Polymorphs are crystals of the same compound but with a different molecular arrangement. Although two crystals may appear similar in structure, they can have dramatically different properties, and many drugs only receive regulatory approval for only one form.
It was thought, for a long time, that aspirin has only one crystal structure. But recent studies indicate the possibility of another form. Ramamurty and Desiraju decided to subject the two polymorphs of aspirin to nanoindentation studies. This technique, somewhat new, allows one to literally poke a material with the tiniest of forces (of the order of tens of nano-Newton) and measure the response.
One Newton is one-tenth of a kilogram, described as the force experienced when an average sized apple falls from a height of one meter. In the current context, it is essential to use such a high resolution technique, as these are organic crystals, which are not very strong and the crystals can be grown under very careful conditions to extremely tiny dimensions (millimetre size).
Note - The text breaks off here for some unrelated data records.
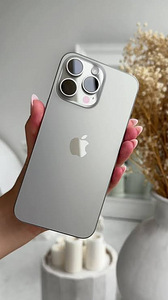 Apple iPhone 15 Pro Natural Titanium 256GB heas korras. (2 foto / 2)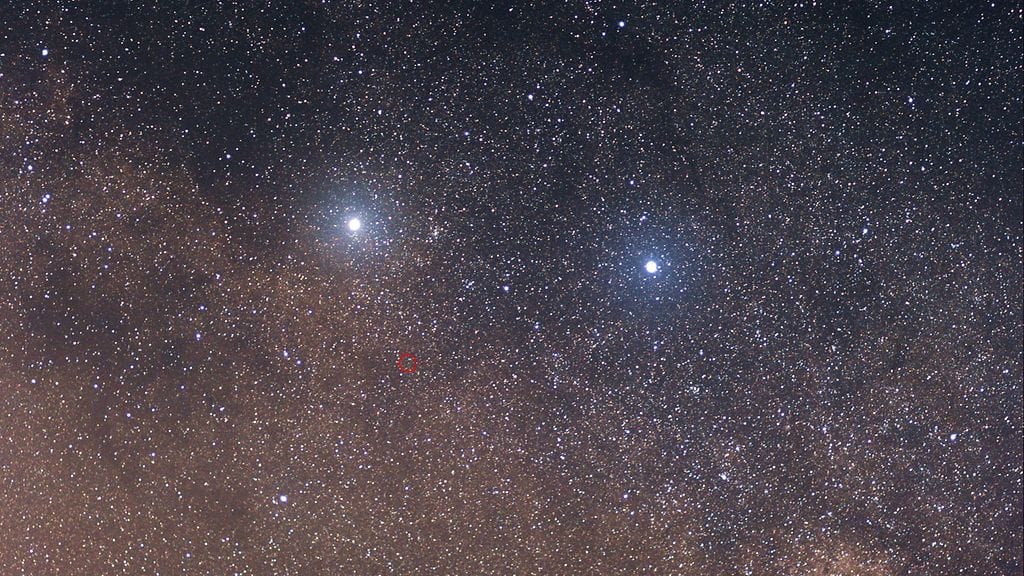 Proxima Centauri on Alfa Centauri -tähtijärjestelmän pienin tähti. Kuvassa loistavat Alfa Centauri A ja B, Proxima Centauri on ympyröity punaisella.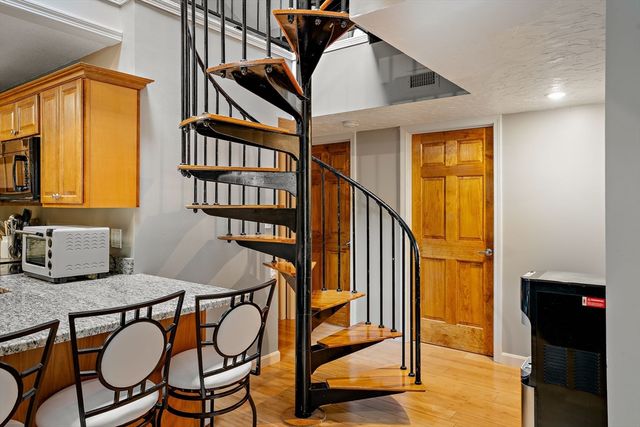 21 Margin St 34, Lynn, MA 01905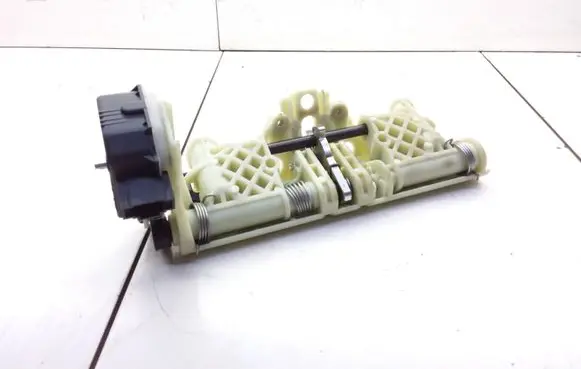 Mercedes-Benz CLS C219 Seat adjustment motor A322902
Two post-doctoral fellows of Ramamurty and Desiraju—Sunil Varughese and M S R N Kiran, prepared the necessary crystals and conducted the precise experiments using a highly sophisticated state-of-the-art nanoindenter. After a short jab by the tiny indenter onto the aspirin crystal, they were able to demonstrate distinctly different mechanical signatures of the two forms of aspirin.
In addition, they could show that a crystal, which X-ray diffraction indicated a pure 'form II', does indeed contain intergrown mixture of both the forms! This 'eureka' moment not only confirmed the existence of polymorphism in aspirin, but also showed that nanoindentation has successfully been able to ferret information that is location-specific and can help resolve the finer details; as to how different crystals may be organised in compounds that exhibit complexity.
Pharmaceutical companies around the world produce billions of tablets every year of which aspirin accounts for a large percentage. The manufacture of a tablet is a complex multi-stage process under which the starting materials change their physical characteristics a number of times before the final dosage form is produced. The first step involves milling and mixing, subsequent steps include particle size reduction and sizing, blending, granulation, drying, compaction, and (frequently) coating.
Various factors associated with these processes can seriously affect content uniformity, bioavailability, or stability and most importantly, overall efficacy of the tablet. A possible change in polymorphic form of the active ingredient, rendering it less or totally inactive, or unstable, is one of the major problems that may arise if the process is not controlled properly. Another major factor is that, in the pharmaceutical industry, crystallographic techniques (both powder and single-crystal) are the tools usually used to establish phase purity and thereby claim intellectual property rights for new polymorphs.
The researchers say, "our study establishes that nanoindentation can provide ''signature'' responses for the two aspirin polymorphs, despite their very similar crystal structures, and it demonstrates also the value of the technique for application to chemical problems associated with polymorphism in the context of crystal engineering".
They further add "that the results of this scientific investigation allow the identification of the most stable polymorph, which could then be used to develop drugs with better efficacy. This could also pave the way for better drug design in the future".
Nanoindentation could have an impact on the pharmaceutical industry, which currently relies on X-ray crystallography, from amongst other analytical techniques, to establish whether or not a new drug has been made for intellectual property rights, because nanoindentation can be used to detect the presence of very small amounts of 'infringing' polymorphs.